»»

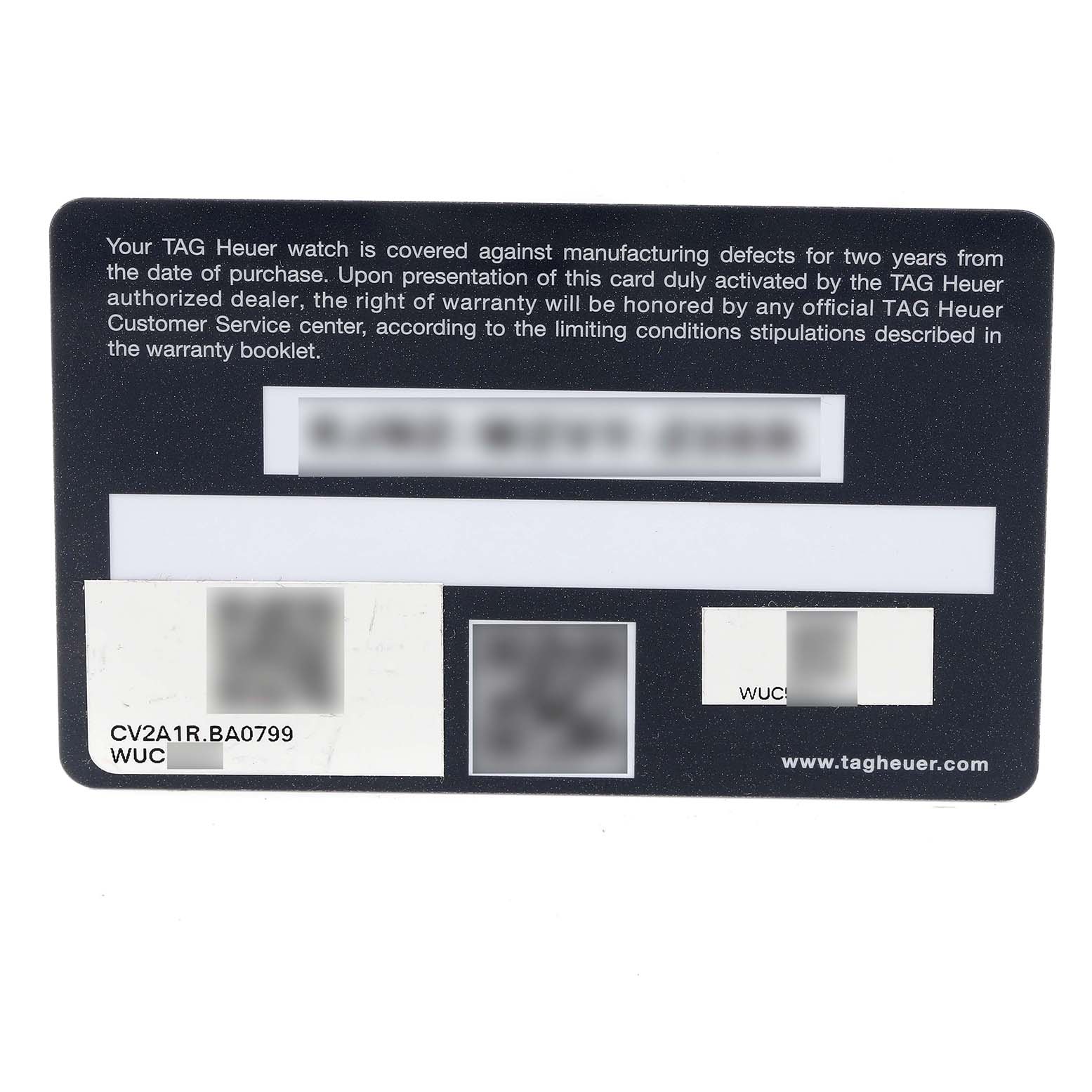 This image shows a close-up of a Tag Heuer warranty card for the Carrera model watch.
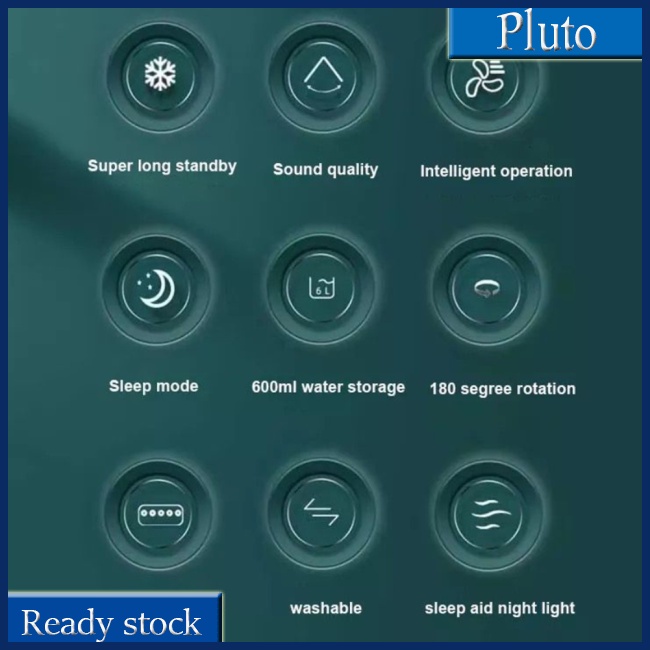 Quạt Điều Hòa Không Khí Di Động 6 Inch Với 3 Tốc Độ 5 7 Màu Có Đèn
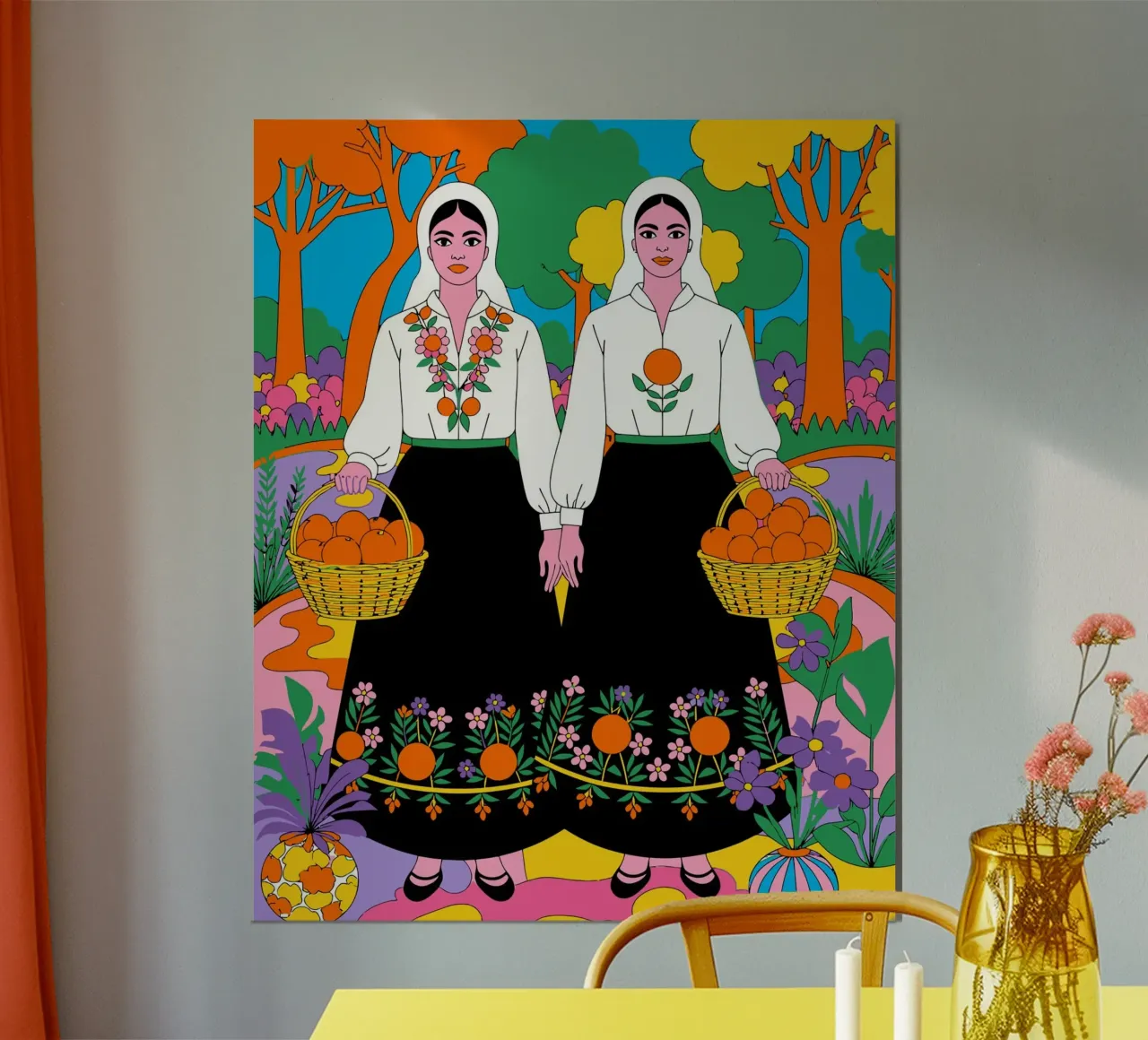 Illustrazione pop art folcloristica di due donne con le arance poster con telaio in legno da Signorino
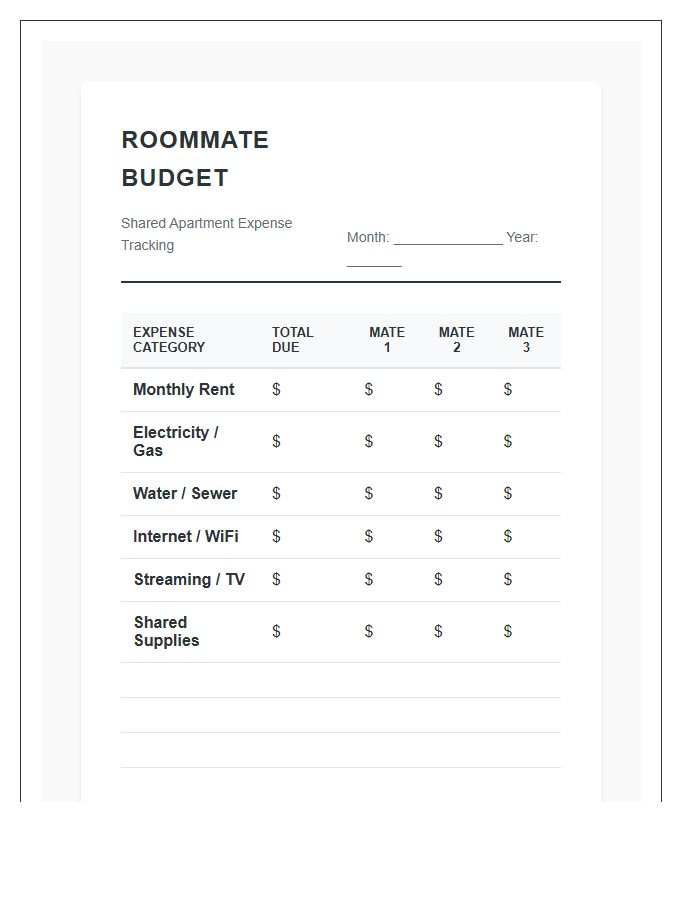 Shared Apartment Roommate Expense Printable Budget Chart
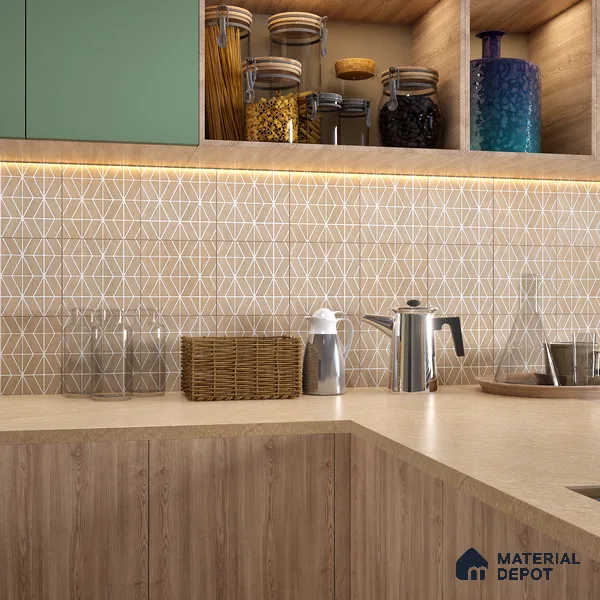 Moroccan Wall & Floor Tile TL 06079 Orient Pine 200 x 200 mm Vitrified Glue Matte Finish - 9 mm | Suitable For Kitchen, Bathroom, Balcony | 2 mm Spacer is Mandatory | Please Expect a Slight Variation of Pattern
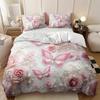 3pcs Pink Bedding Set Butterfly Flowers Printed Cozy Duvet Cover King Queen Twin Size Birthday Gift for Adult Bedroom Decoration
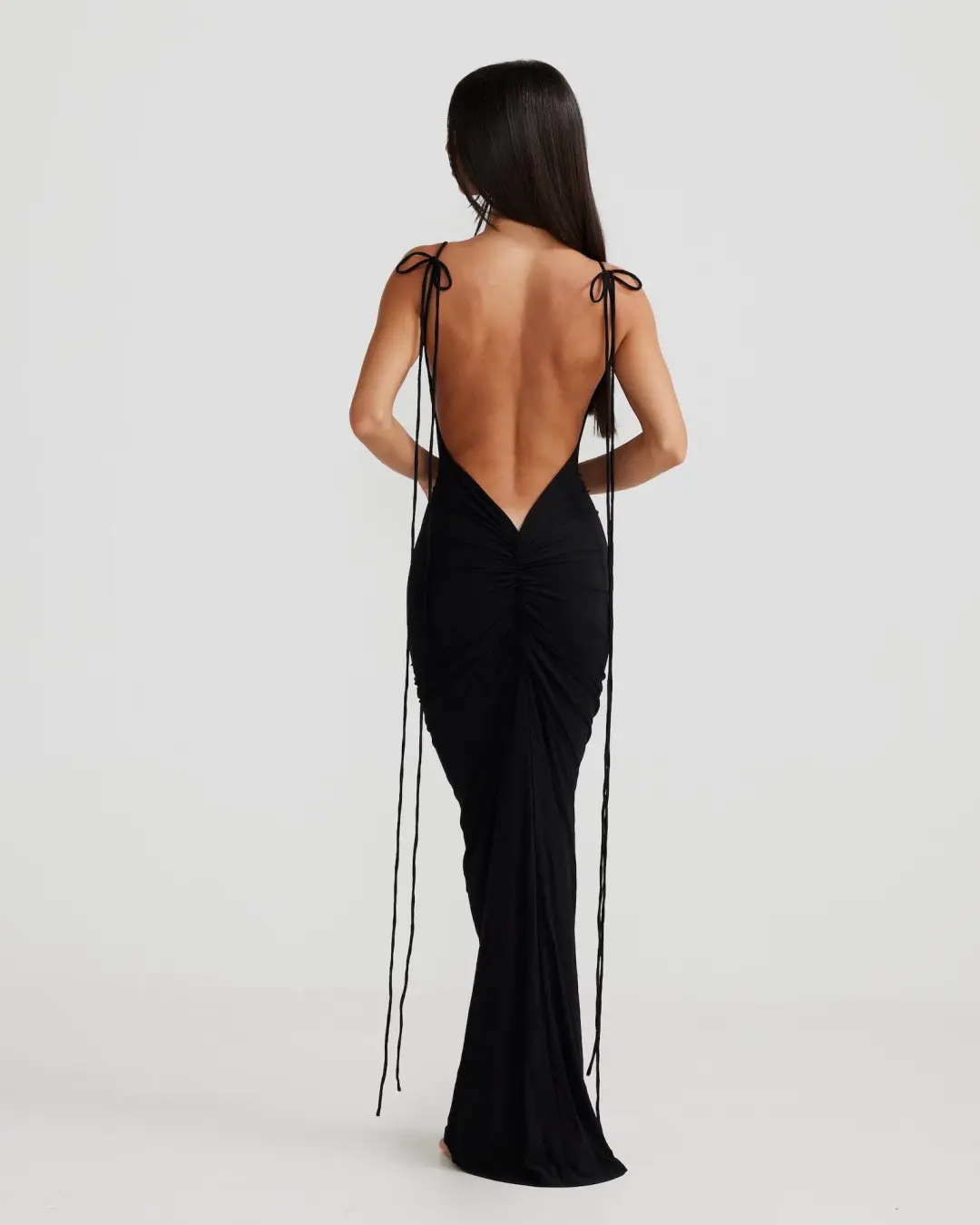 Melani The Label Gia Gown Black Size 6 for rent on The Volte - main image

««

- Task statement: Leave out the pictures, then repeat the listing above exactly from its first line to the line with "Moroccan Wall &", inclusive.

- Answer space:
 This image shows a close-up of a Tag Heuer warranty card for the Carrera model watch.
 Quạt Điều Hòa Không Khí Di Động 6 Inch Với 3 Tốc Độ 5 7 Màu Có Đèn
 Illustrazione pop art folcloristica di due donne con le arance poster con telaio in legno da Signorino
 Shared Apartment Roommate Expense Printable Budget Chart
 Moroccan Wall & Floor Tile TL 06079 Orient Pine 200 x 200 mm Vitrified Glue Matte Finish - 9 mm | Suitable For Kitchen, Bathroom, Balcony | 2 mm Spacer is Mandatory | Please Expect a Slight Variation of Pattern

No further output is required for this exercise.